For these investors, one of the safest ways is to invest in companies that have a stake in start-ups and other unlisted stocks.

It turns out that some very well managed bluechips have already taken the next step. They have been investing in startups and unlisted stocks for years. These blue chip companies are looking for startups that fit the megatrends they want to follow.

In September last year, we wrote to you about such a company – Bharti Airtel.

In this article, we take a look at another blue chip company that has stakes in some of the most unlisted stocks – Infosys.

Investing in a better future

Tech companies are known to have maximum exposure to several unlisted startups. For example, Info Edge invested in almost two startups every month in 2021.

Among the leading IT companies in India, Infosys has made notable investments over the years and has invested in unlisted stocks.

Let’s take a look at some of the well-known and exciting private companies that Infosys has invested in.

#1 Starting drones – ideaForge

Since there are not many listed companies in the booming drone market, one has to look at the unlisted space to explore the opportunities.

Over the last 8 months, the number of drone start-ups has increased by 34% in India. It is the highest among other comparable economies.

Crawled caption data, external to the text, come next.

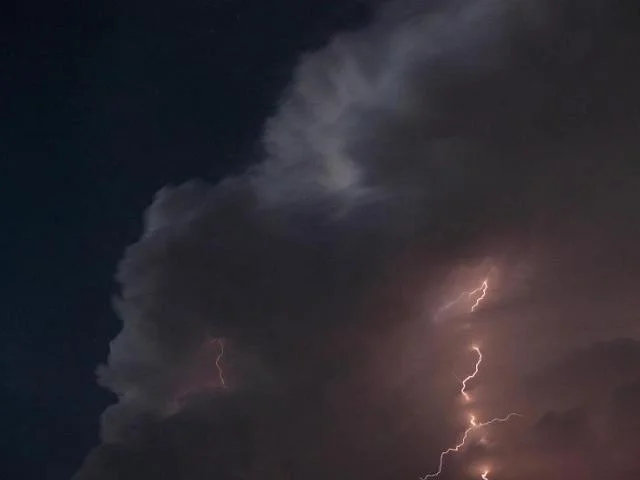 5-5-09-lightning-2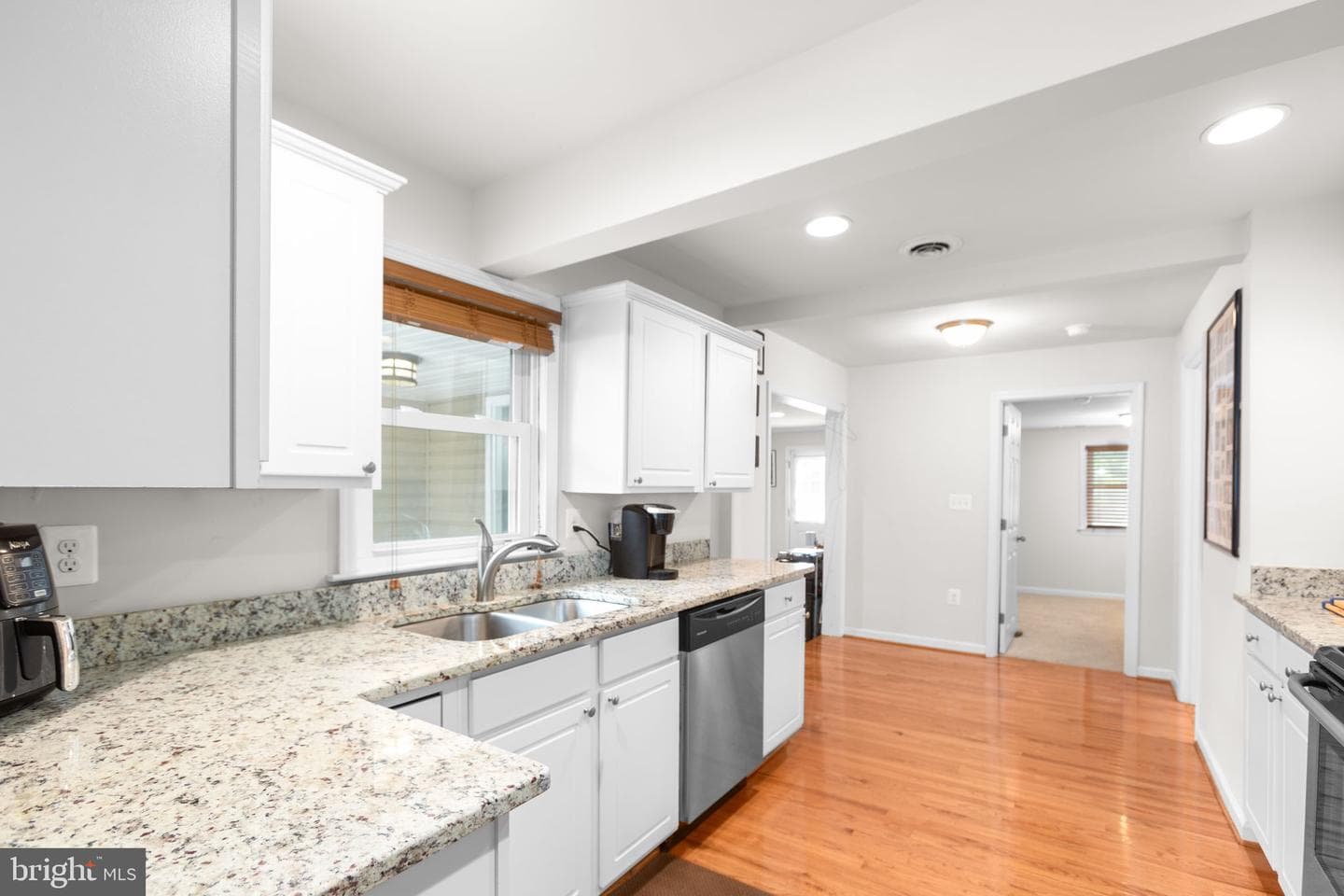 108 Pender Street photo 11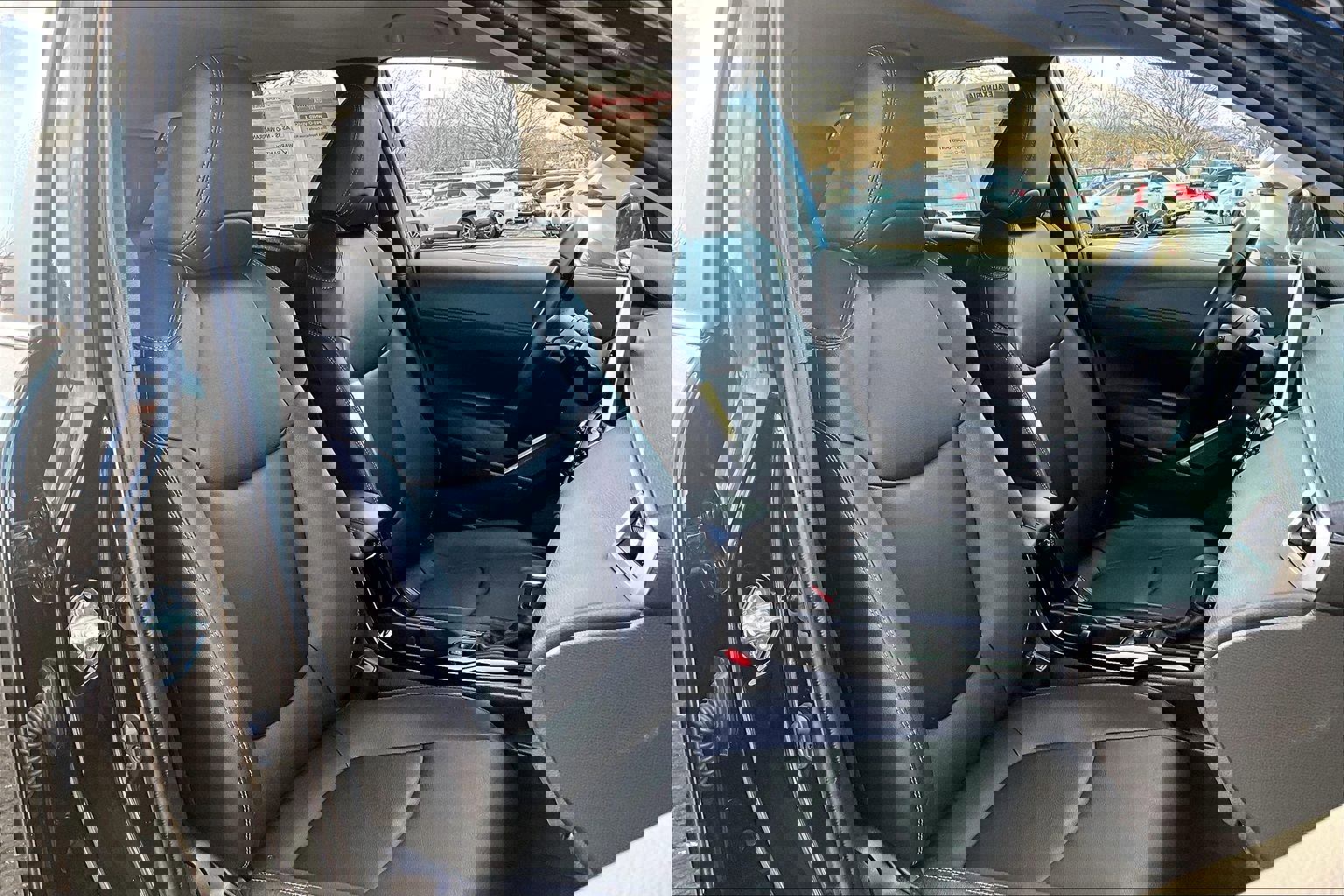 Used 2025 Toyota Corolla Cross XLE image 7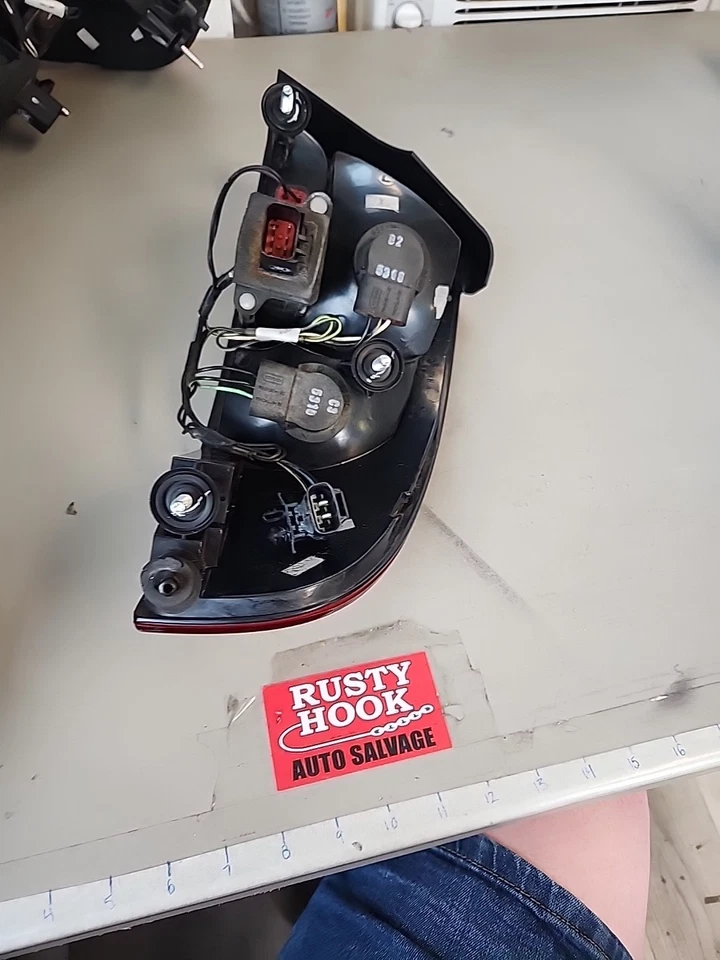 2001 - 2006 道奇 Stratus 右后乘客尾灯 04805350AC 原始设备制造商 — 第 3/4 张图片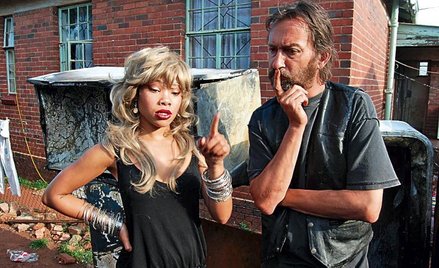 Południowoafrykański „Triomf” (obok) – najlepszy film z RPA z 2008 r. – rozgrywa się na osiedlu dla 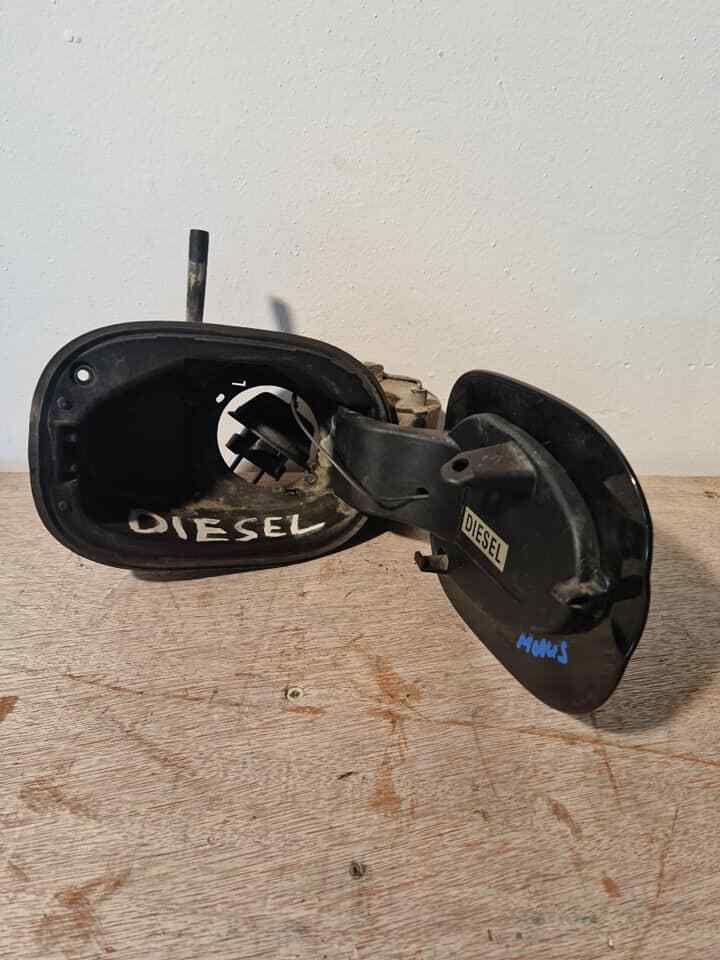 RENAULT MODUS 2004-2008 FUEL TANK DOOR FLAP WHOLE MECHANISM IN BLACK A01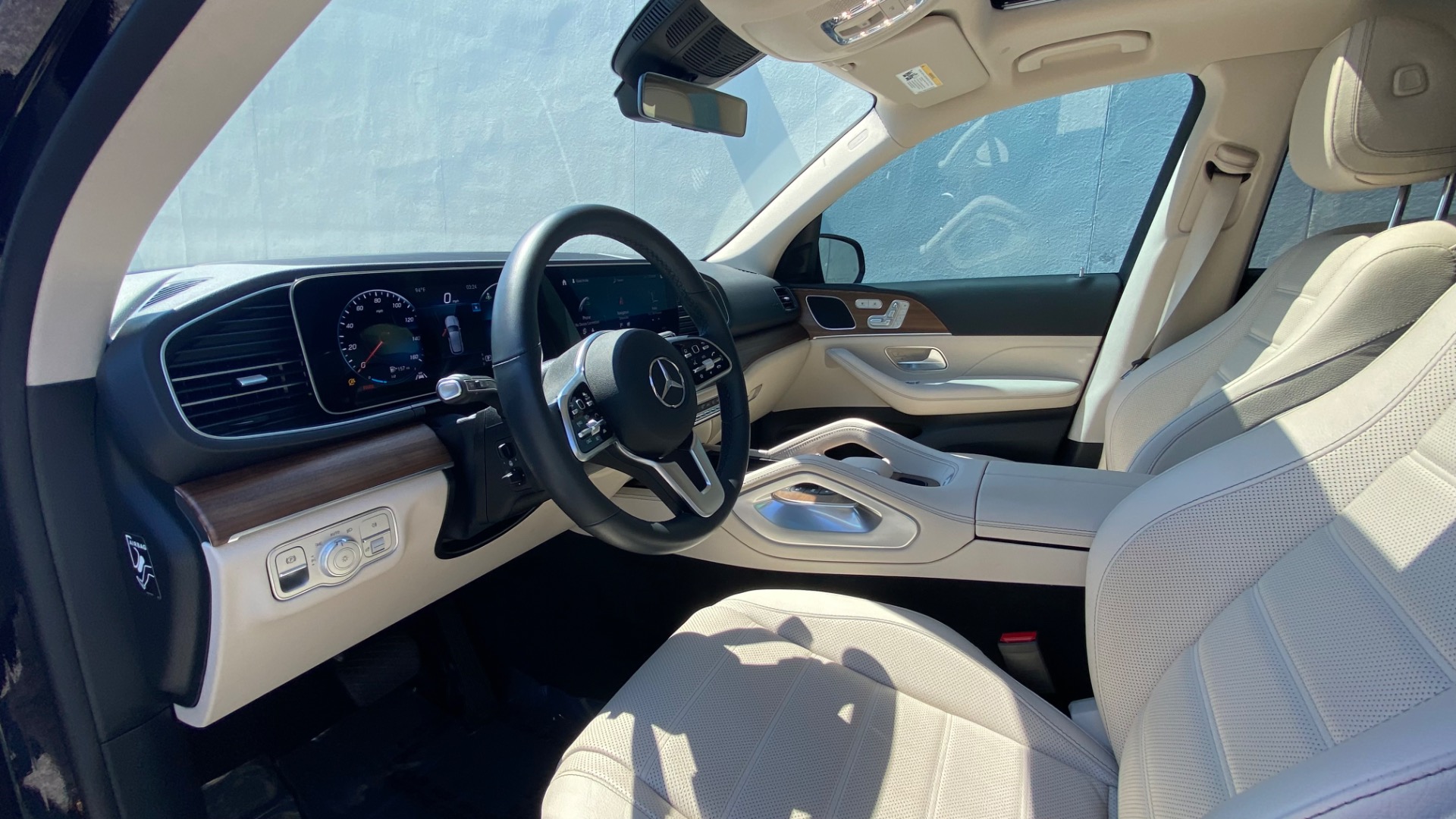 Used 2022 Mercedes-Benz GLE GLE 350 for sale $64,995 at Formula Imports in Charlotte NC 28227 21
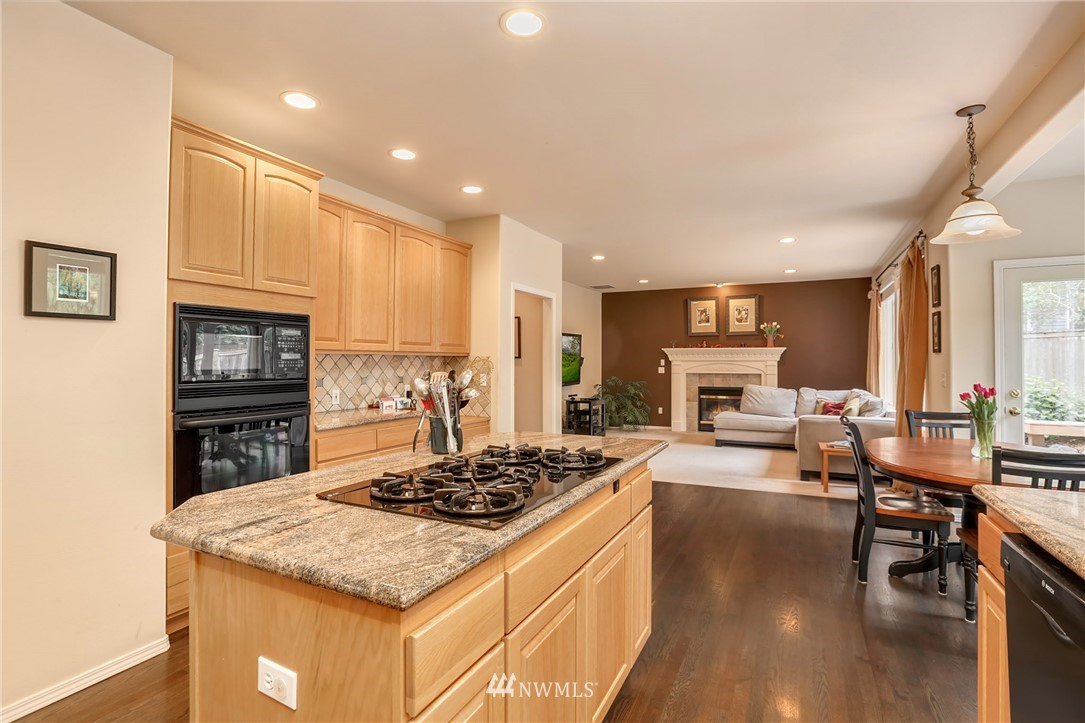 23410 13th Avenue Southeast Bothell, WA 98021 - Photo 10 of 25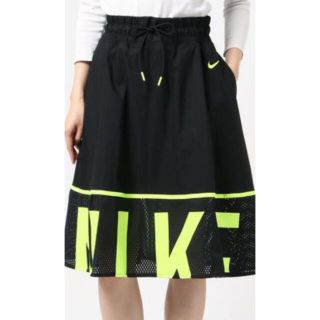 ナイキ(NIKE)のNIKE  スカート  メッシュ  Mサイズ(ひざ丈スカート)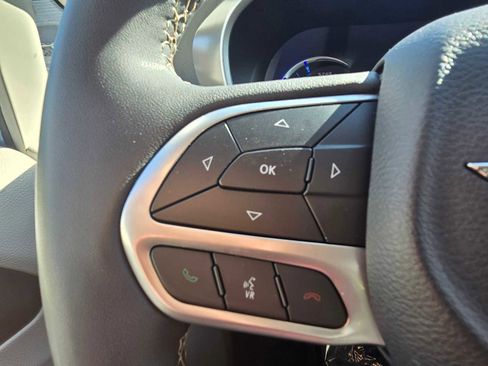 Used 2023 Chrysler Pacifica Touring-L image 32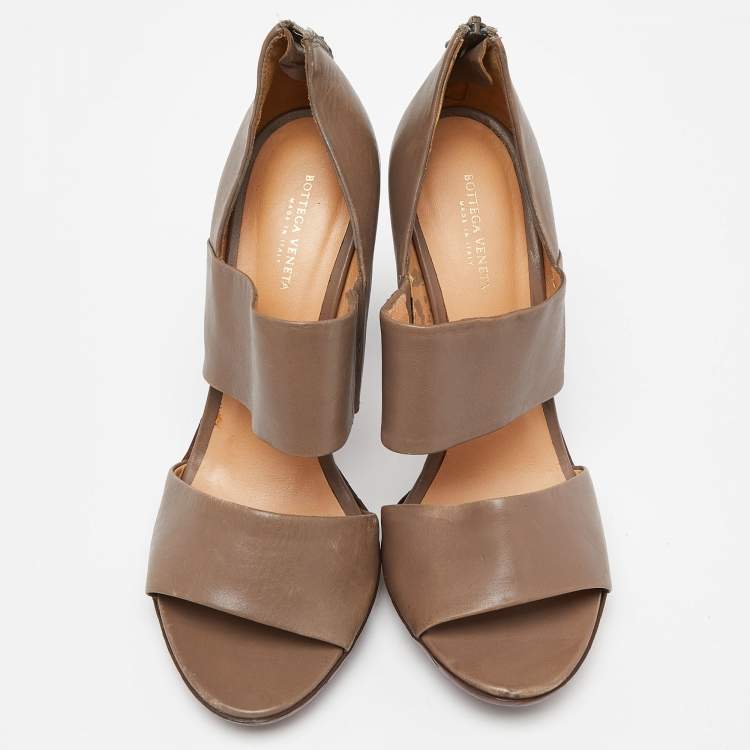 Pre Owned Bottega Veneta Grey Leather Strappy Slide Sandals Size 37.5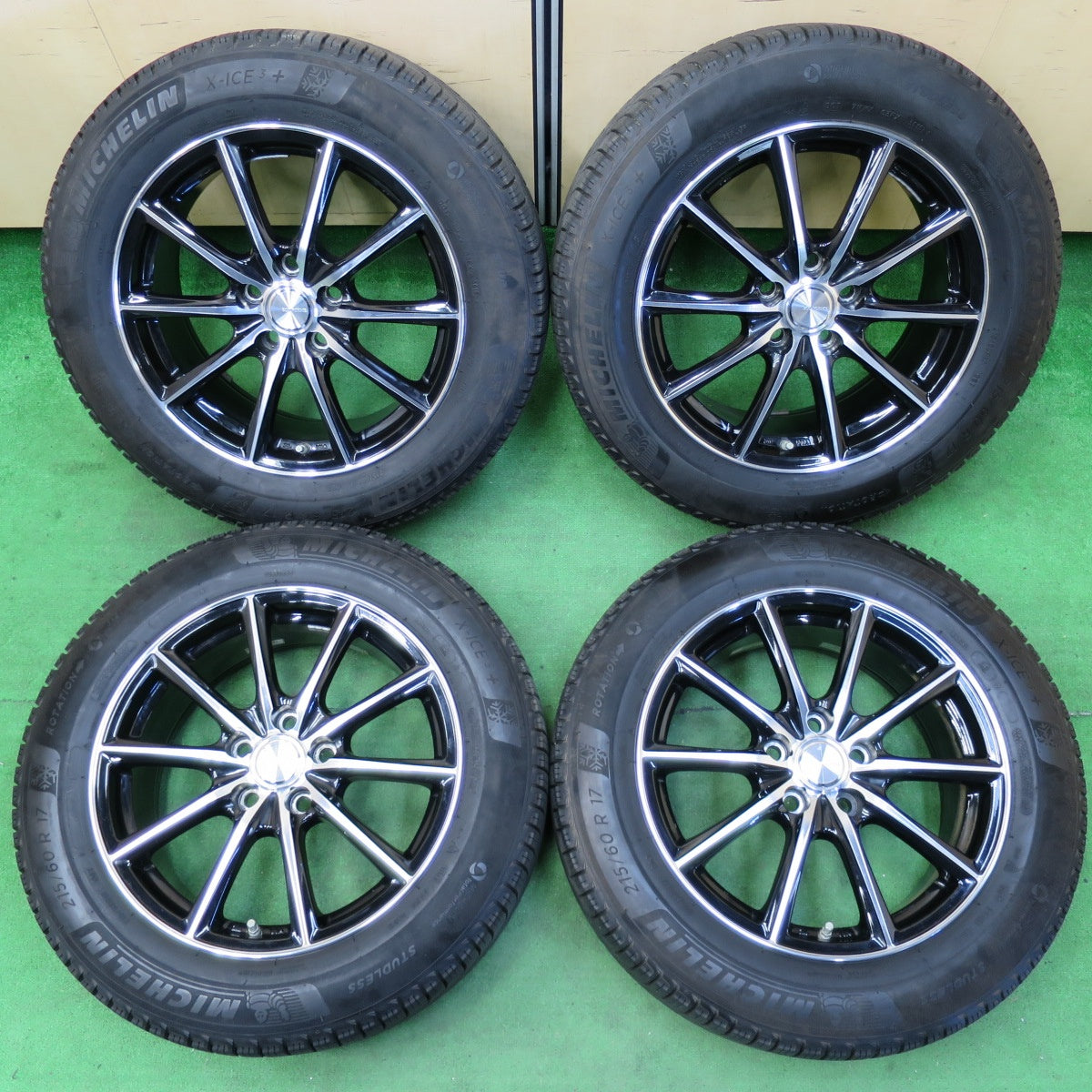 *送料無料* バリ溝！9.5分★スタッドレス 215/60R17 ミシュラン X-ICE3+ ECO FORME エコフォルム 17インチ PCD114.3/5H★4060410イス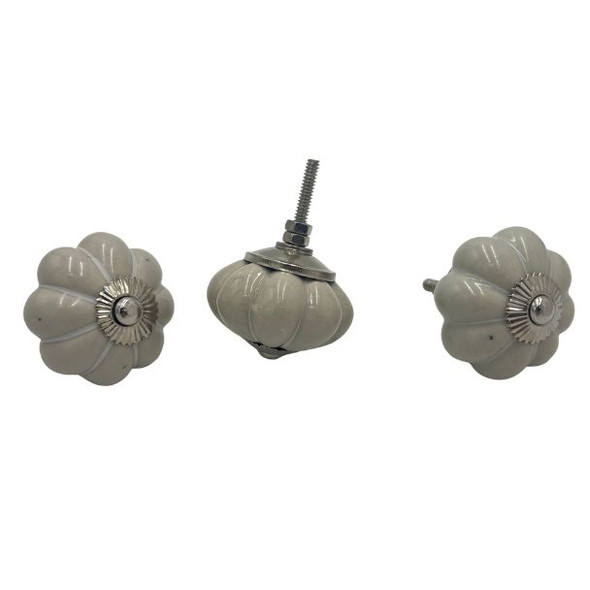 12421 OFF WHITE PUMPKIN DK WITH STRIPE 4x4x6cm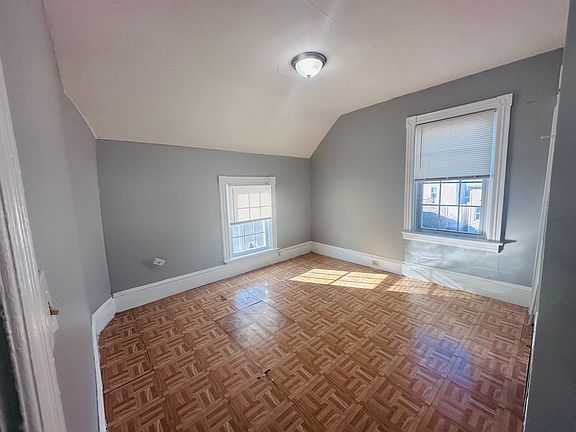 4th image of 165 Byfield St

IdeaForge is a leading startup in this space.

Founded in 2007, ideaForge has over 15 years of research and development (R&D) experience and holds over 20 global patents.

It dominates the security and surveillance segment with a 90% market share.

Indian Army, Adani Group, L&T, IOC, Survey of India, Indian Railways among others are its notable clients.

In 2016, Infosys first invested in ideaForge to focus on unmanned aerial vehicles or UAV (drone) solutions.

Five years later, in 2021, Infosys made another investment of US$1 million or 72 m in ideaForge.

This year in April, ideaForge raised an additional $20 million in a Series B funding round in which Infosys also participated.

The drone startup continues to benefit from its growth prospects as its order book is strong. Recently, it overtook competition Tata and Israeli defense contractors Aerospace Industries and Elbit to receive a big order from the Indian Army.

According to the company, one of ideaForge’s drones takes off every six minutes, serving either the defense and security establishment or commercial users like oil companies, Indian Railways or conglomerates like Adani and L&T.

If the company goes public in the future, Infosys can hit the jackpot as it has a stake of more than 20% in ideaForge.

#2 Digital Marketing Startup – Oddity

Oddity, based in Germany, is a digital marketing company, comprising digital-first brand management and communication, in-house production including virtual and augmented reality, experience design and e-commerce services at across Europe and China.

This year, Infosys completed the acquisition of Oddity. It will soon be integrated with Wongdoody, a similar digital agency acquired by Infosys in 2018.

The announcement of the acquisition was first made in March 2022 when Infosys agreed to pay $50 million or 3.8 billion in an all-cash transaction.

Think Metaverse when you think Oddity.

Indian IT companies are gearing up for a surge in demand for technology services for the metaverse. TCS, Infosys, HCL Tech and Wipro are piloting new initiatives, building proofs of concept and virtual labs to gear up for the metaverse.

Infosys hopes to use Oddity’s expertise in digital commerce services while asking Wongdoody to focus on marketing.

#3 Consulting in life sciences and technology start-ups – BASE Life Sciences

BASE Life Sciences offers management consulting services in the field of life sciences.

The Denmark-based startup focuses on cloud-driven digital platforms and data, to accelerate clinical trials and scale drug development. Collaborations with leading software technology vendors give it an edge.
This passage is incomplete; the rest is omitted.